|A John Mayer signature model has turned heads as PRS records double-digit growth.|
Why PRS Is Gaining Share In
The Guitar Market
A new John Mayer signature model, an expanded import line, and dealer-friendly policies have contributed to two years of double-digit growth. But management points to a company-wide focus on quality as the key driver of success.
WHEN WORD BEGAN leaking out about two years ago that Paul Reed Smith was developing a new guitar that would have single-coil pick-ups and a bolt-on neck, guitar forums lit up with negative comments. Players who associated PRS with gracefully carved tops, figured woods, set necks, and glass like finishes, were quick to declare the sight unseen prototype, a betrayal of sorts. As one commented, “You do not have permission to do this!!” The reaction was hardly unexpected. Guitarists don’t much like surprises from their favorite guitar makers. They typically want them produce instruments that conform to a narrowly defined style, and they react badly when they don’t. The real surprise is what happened when PRS finally unveiled its single-coil, bolt-on neck model—the John Mayer Silver Sky. The previously snarky postings quickly gave way to enthusiastic praise. Expressing a widely held opinion, a posting on Music Radar described the guitar as “a superb vintage and experience-informed three single-coil bolt-on. Build, playability, sound and typical PRS attention to detail and quality.” The enthusiastic posts have been followed by stellar reviews and numerous reader’s choice citations.
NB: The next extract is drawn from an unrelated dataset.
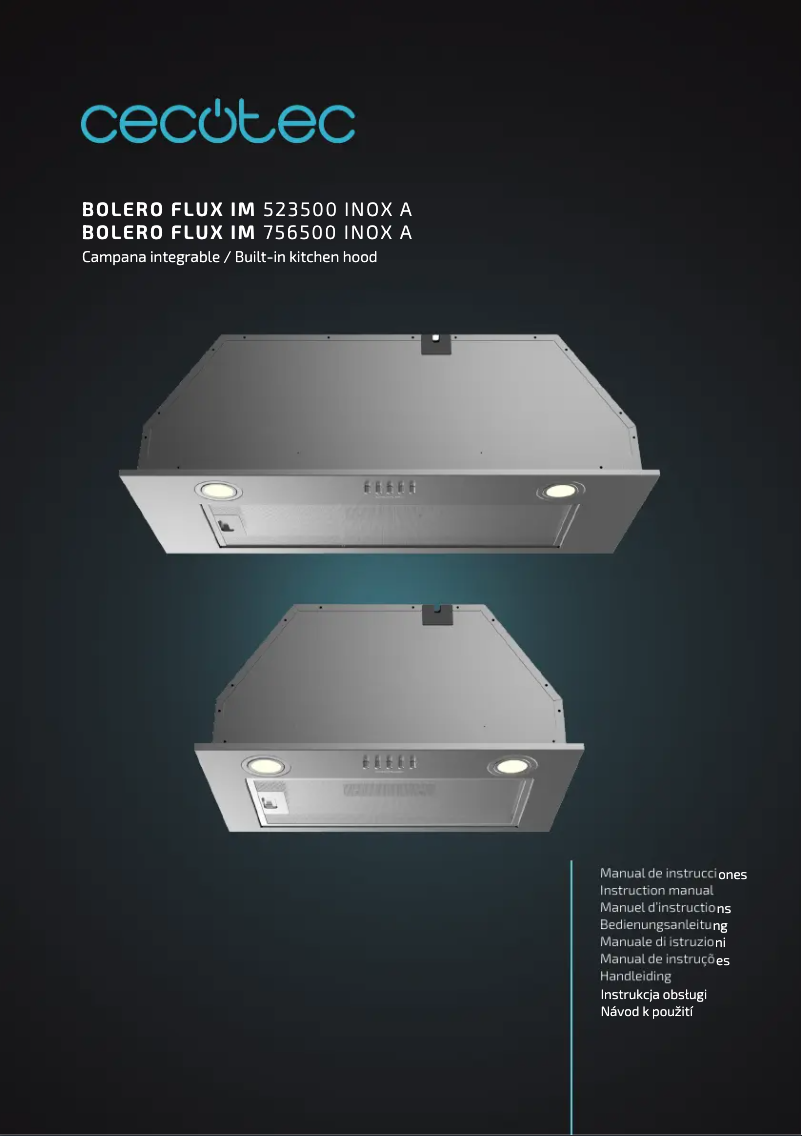 Page 1 of the manual User Manual Cecotec DrumFit Indoor 13000 Race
Smith is a student of the guitar industry and was well aware of the commercial risks involved in deviating from the signature style he had carefully developed over the past 35 years. Would players actually buy a single-coil guitar with a PRS logo on the headstock, he asked himself. At a moment of doubt, when the online criticism was particularly harsh, John Mayer encouraged him to forge offering some well-timed advice. Smith relates, “When it was announced that John had joined the Dead & Company Tour, the reaction on social media was all negative. But it didn’t bother him, because he said ‘We’d been in rehearsal for a year and I know what we had to offer.’ I figured the same held true with the guitar. I knew what we had, and I knew it was special.”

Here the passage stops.